L’emotività ed il sapore interessano tutti. Entrambi abbisognano di un risultato armonico. Il compito dei due emotivi, innamorati ma incapaci di dirselo, è trovare la giusta ricetta per comunicarsi questa emozione. Ciò va di pari passo con la rinascita ed il rilancio della fabbrica di cioccolato, salvata dal disastro dall’abilità cioccolatiera della protagonista, che elabora una nuova linea di cioccolatini.
I clienti vengono persuasi a comprare le nuove cioccolate, dai sapori meravigliosi che la cioccolataia inventa. I due innamorati si persuadono a rivelarsi il loro amore provando e riprovando i momenti d’incontro, come alla ricerca di una nuova ricetta che gli permetta di assaporare, senza screzi, il reciproco, delicato, sentimento.
Emerge, lentamente ma decisamente, dall’ansia dei protagonisti, una atmosfera più morbida e caramellosa. In certi passaggi, bastano pochi fotogrammi per avere l’impressione che aleggi, in sala, un profumo di cacao, cioccolato e zucchero.
Il vero mondo dei due innamorati non è ansioso, bensì dolce e alternativo, immerso in un surrealismo magico che ben si accompagna al potere anestetizzante e afrodisiaco del cioccolato. Sono due anime spaesate e trasognate, che aprono le finestre su un mondo romantico ed ingenuo di cui, in fondo, vorremmo tutti far parte. Essi vivono nel candore della fiaba, pur sperimentando emozioni forti e contrapposte: timidezza e attrazione, tenerezza e imbarazzo. Sono due impaurite solitudini che, tenacemente, cedono ad una assidua strategia di convincimento, volta a realizzare l’incontro.

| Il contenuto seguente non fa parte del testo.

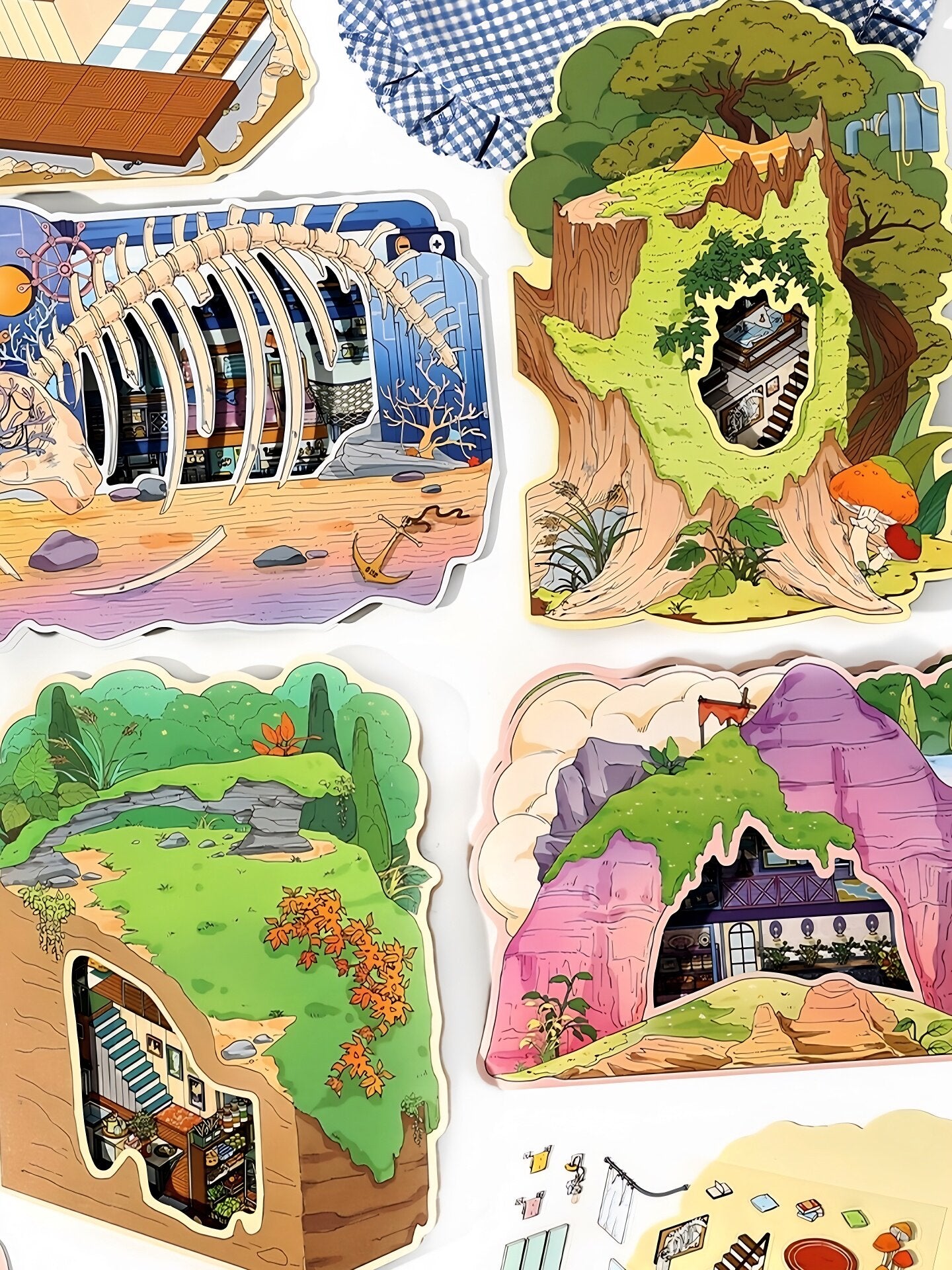 Infeelme's 7th play of DIY 3D Scene Stickers in open today, My Cabin 2.5D Landscaping Stickers Cute DIY Handmade Miniature Scene Stickers#148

Il film attinge al registro fiabesco. Questa impronta è determinata sia dalla calda atmosfera caramellosa che coinvolge la fotografia e la scelta dei colori, fin nei costumi, sia, in maniera ancor più evidente, dall’uso del repertorio espressivo e della struttura narrativa della favola.

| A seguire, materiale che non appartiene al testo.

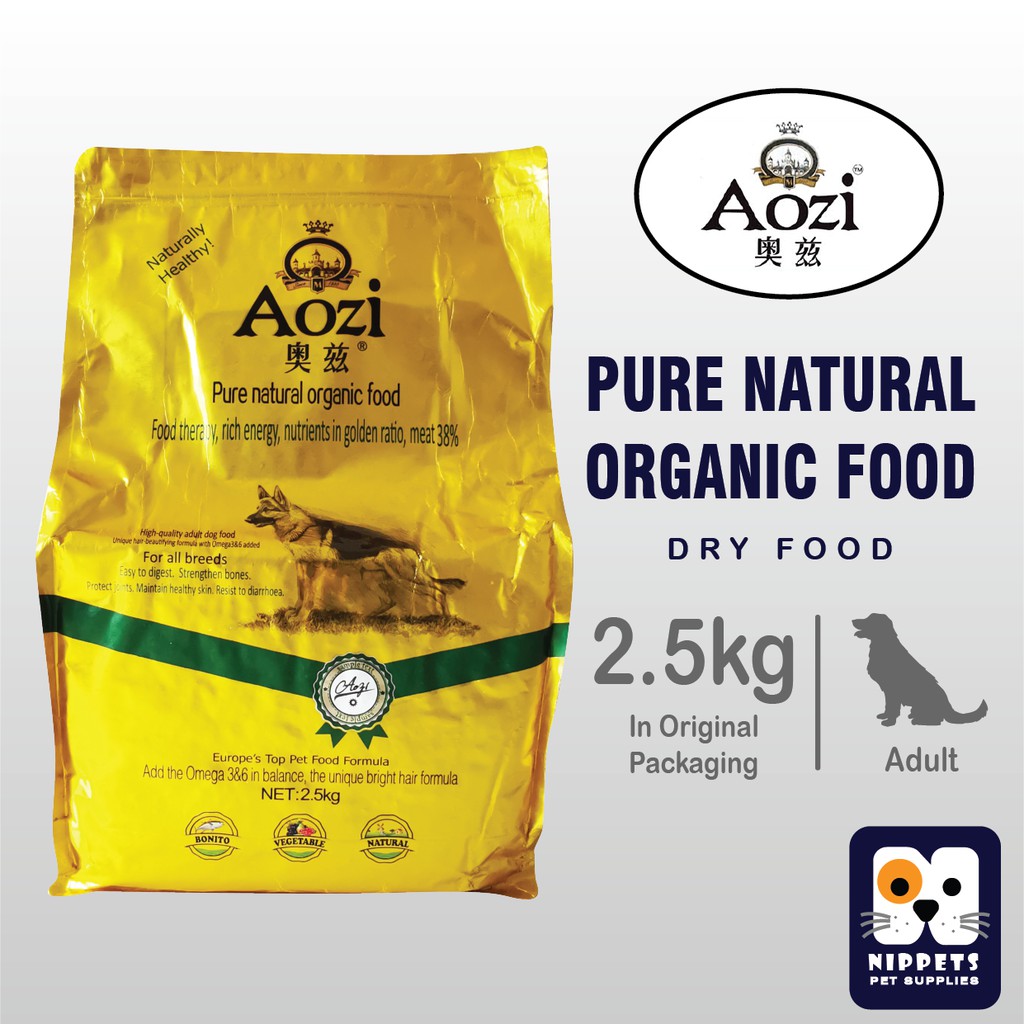 AOZI Pure Natural Organic Dry Dog Food for Adult 2.5kg EXP.9 5 24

Prescindendo dal suo valore artistico, il film rispetta effettivamente le indicazioni sulla fiaba, offerte da Vladimir Propp; ovvero la trasformazione di un sintagma in un paradigma. In questo caso, la vicenda particolare dei due innamorati si evolve in una storia che assume un significato emblematico, in quanto condensa in sé valori e idealità di carattere universale. In sostanza, si realizza un lieto fine.